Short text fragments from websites
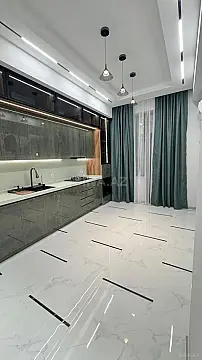 Satılır 4 otaqlı mənzil 178 m²
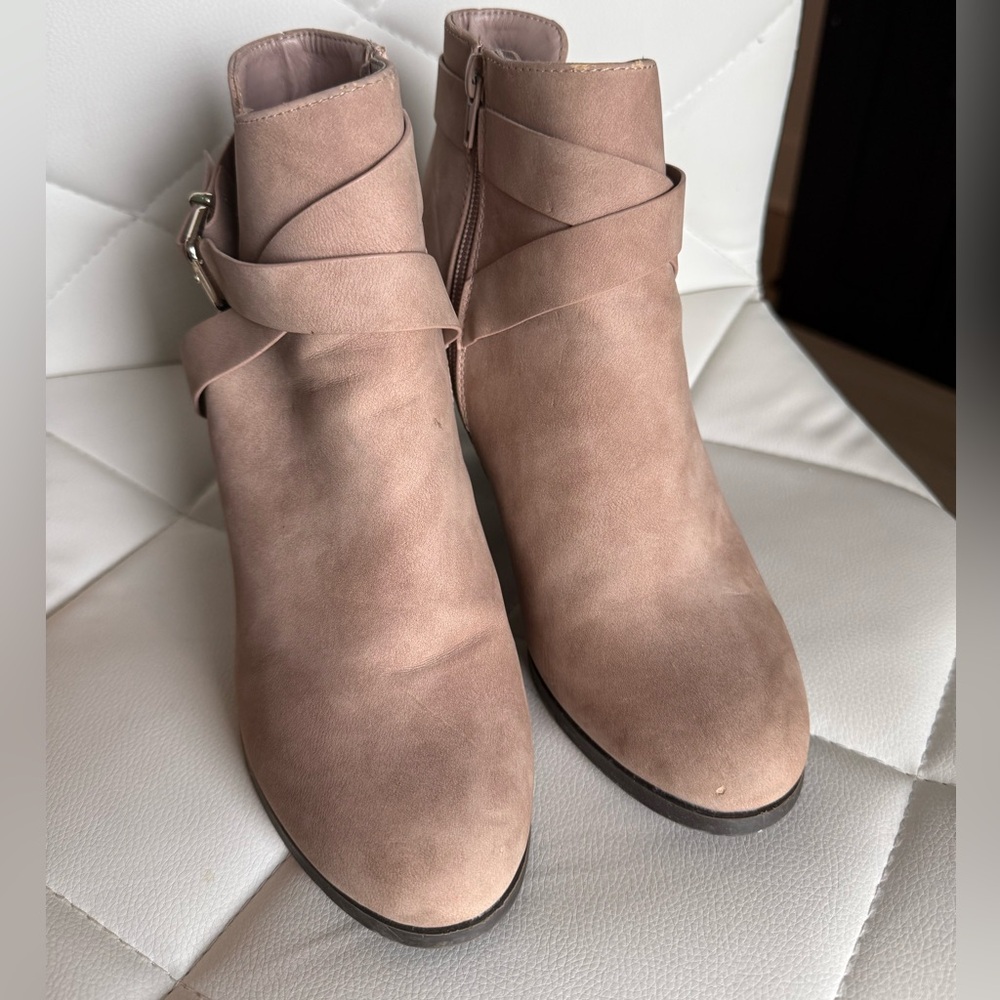 Elegant Tan Ankle Boots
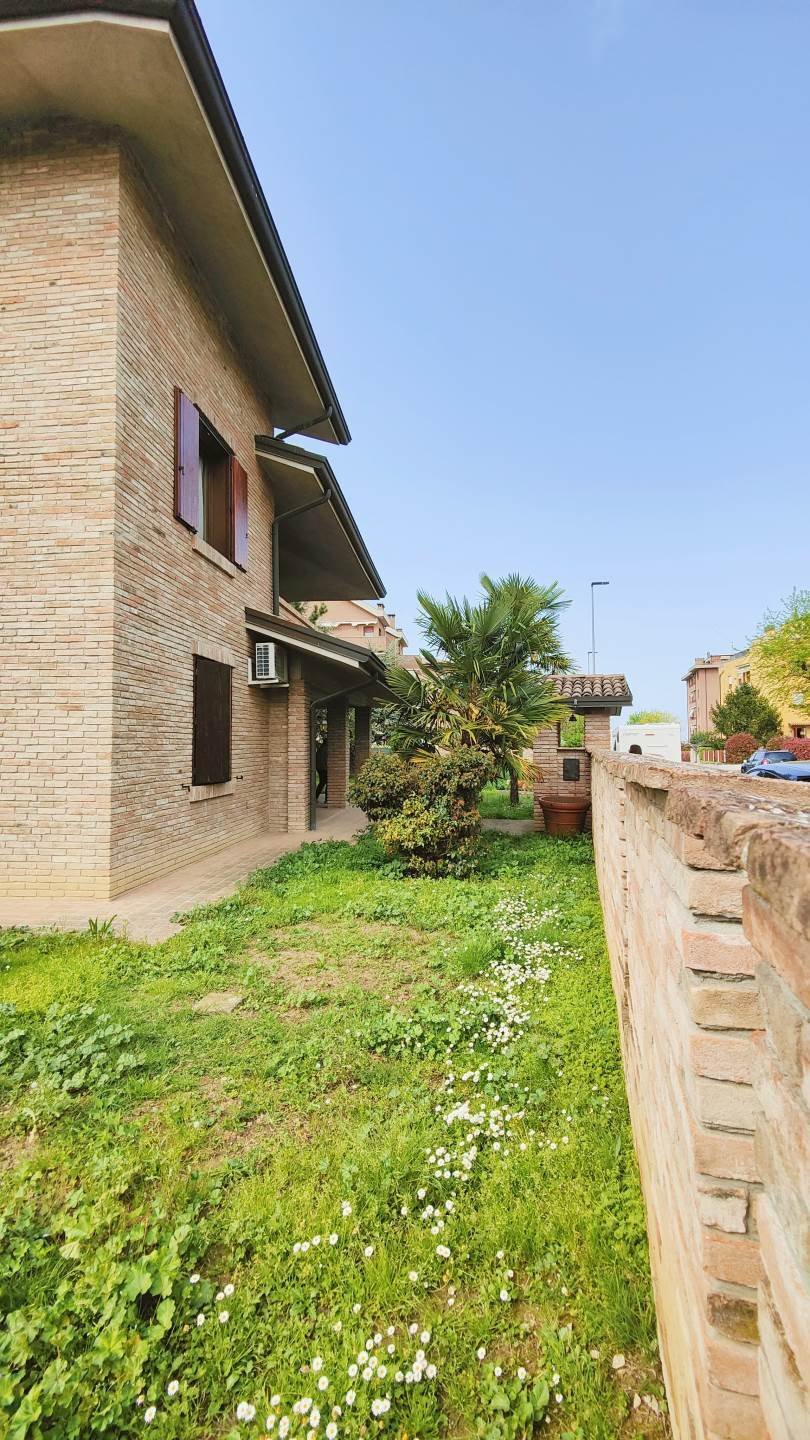 Villa in Formigine, Emilia-Romagna, Italy 3 - 16722961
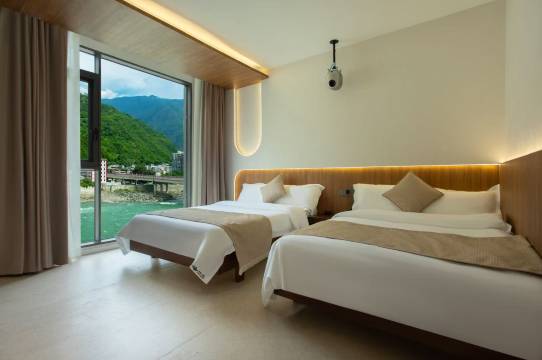 泸定大渡听风民宿(泸定桥景区店)图片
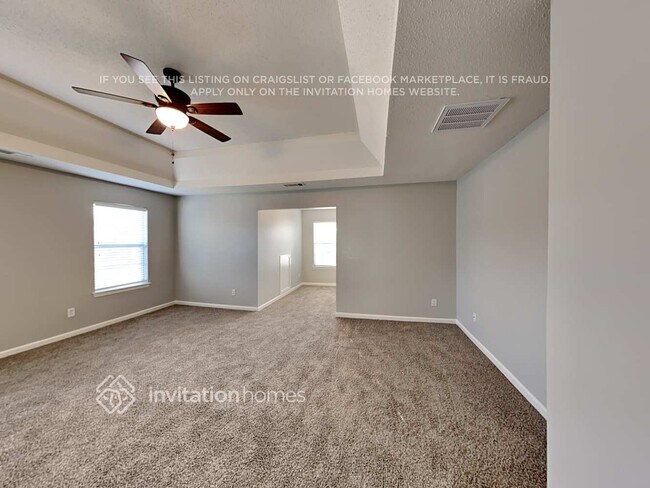 Building Photo - 6950 Foxmoor Way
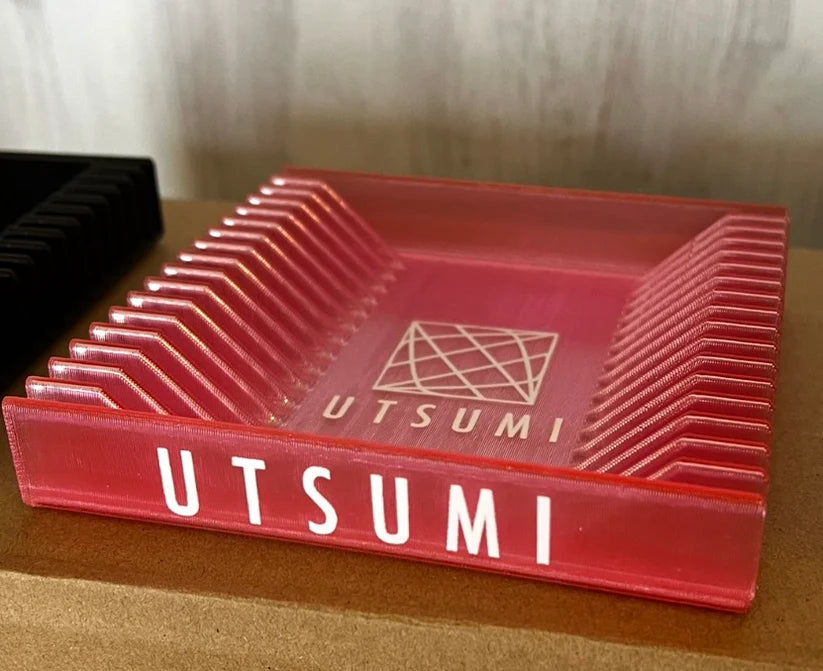 Utsumi comb and shear stand for grooming scissors and combs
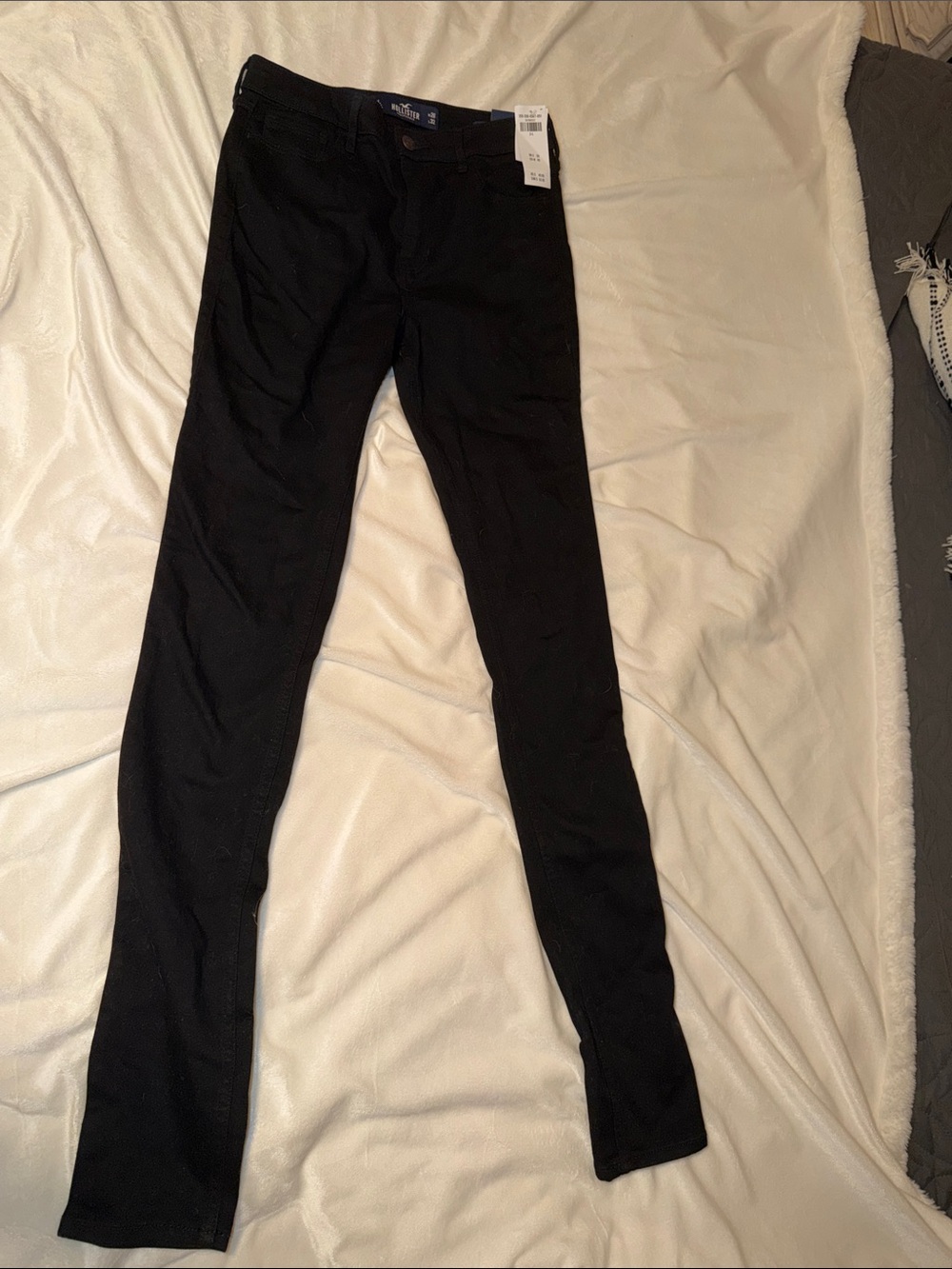 Hollister Women's Skinny Jeans in Black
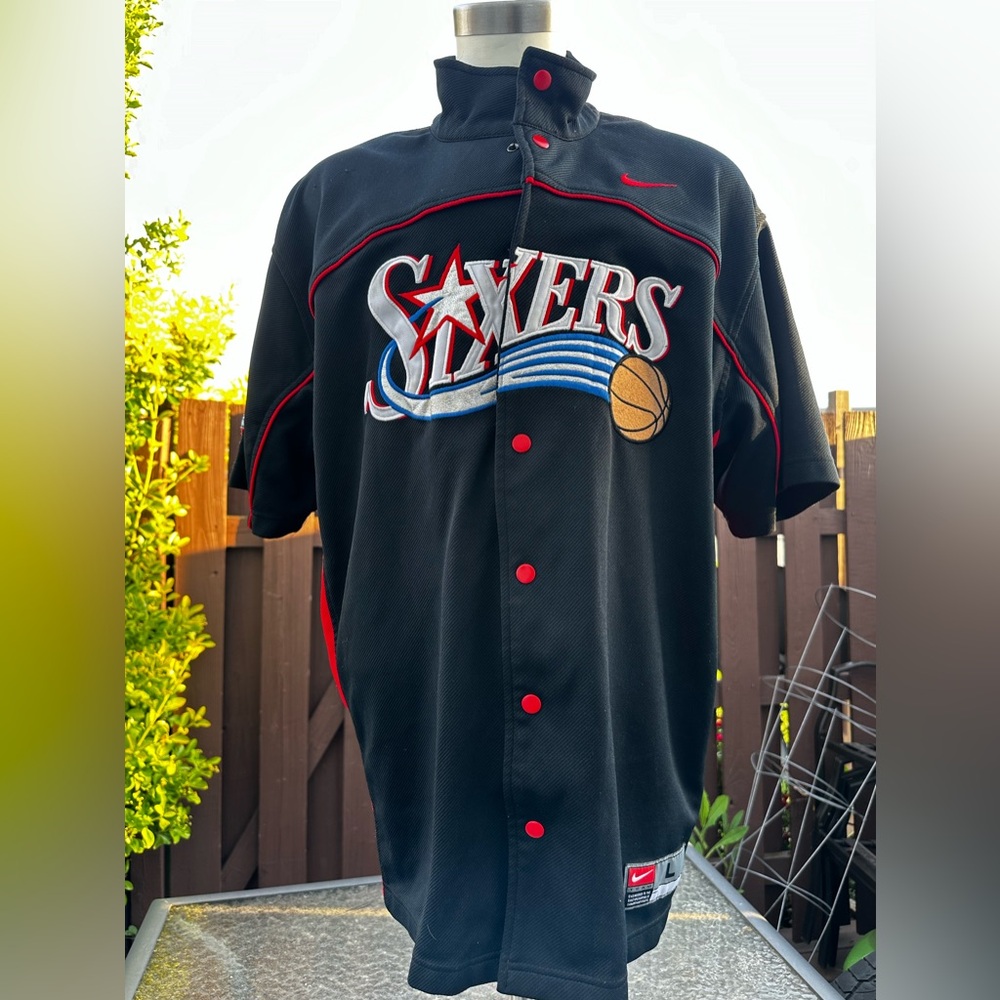 Nike Sixers embroidery detail basketball shirt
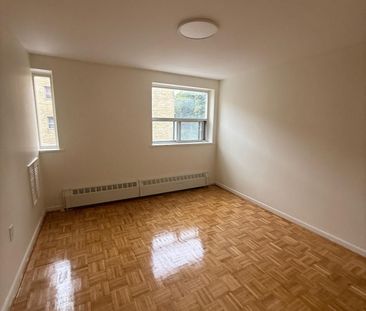 305 972 Eglinton Avenue E - Photo 3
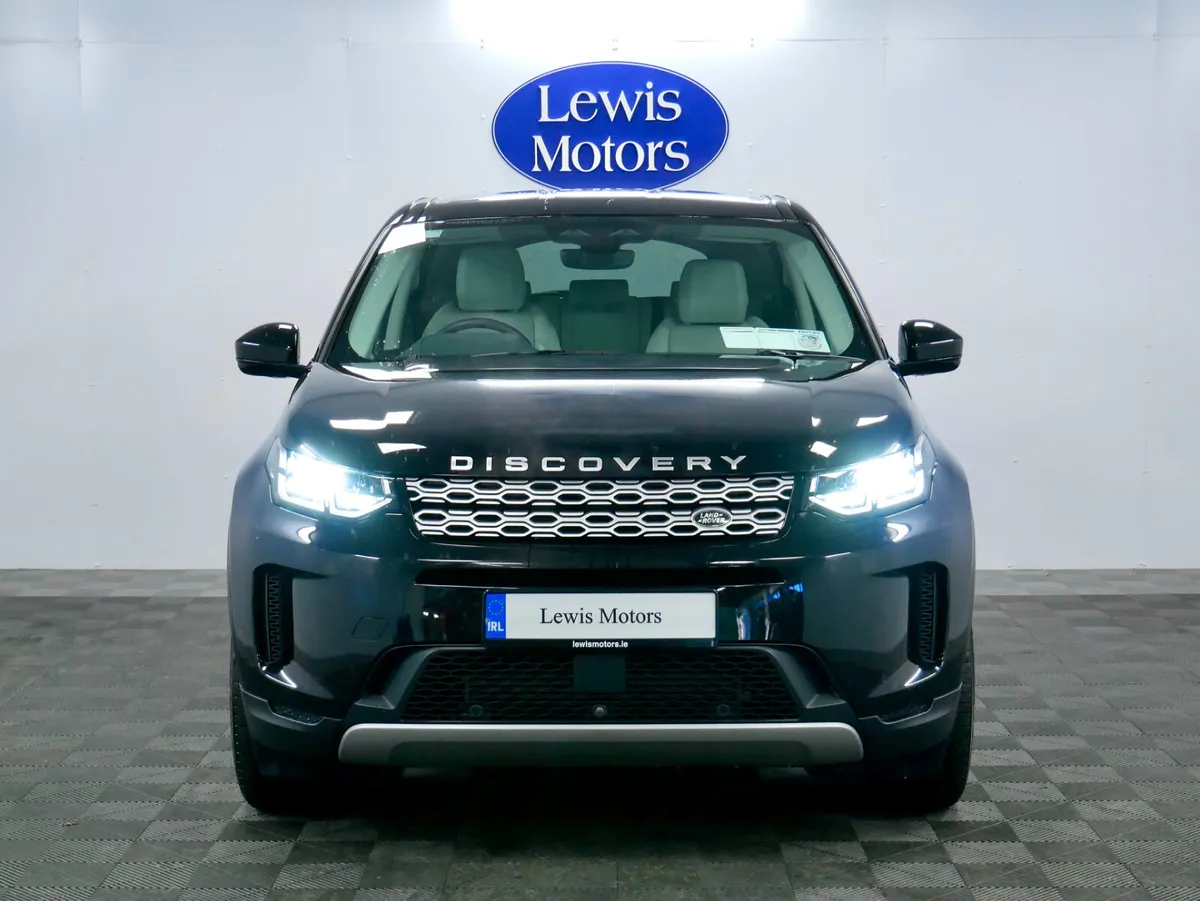 2021 Land Rover Discovery Sport P300e S - Image 3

* Task item:
Print every record above exactly, but no pictures.

* Response to the exercise:
 Satılır 4 otaqlı mənzil 178 m²
 Elegant Tan Ankle Boots
 Villa in Formigine, Emilia-Romagna, Italy 3 - 16722961
 泸定大渡听风民宿(泸定桥景区店)图片
 Building Photo - 6950 Foxmoor Way
 Utsumi comb and shear stand for grooming scissors and combs
 Hollister Women's Skinny Jeans in Black
 Nike Sixers embroidery detail basketball shirt
 305 972 Eglinton Avenue E - Photo 3
 2021 Land Rover Discovery Sport P300e S - Image 3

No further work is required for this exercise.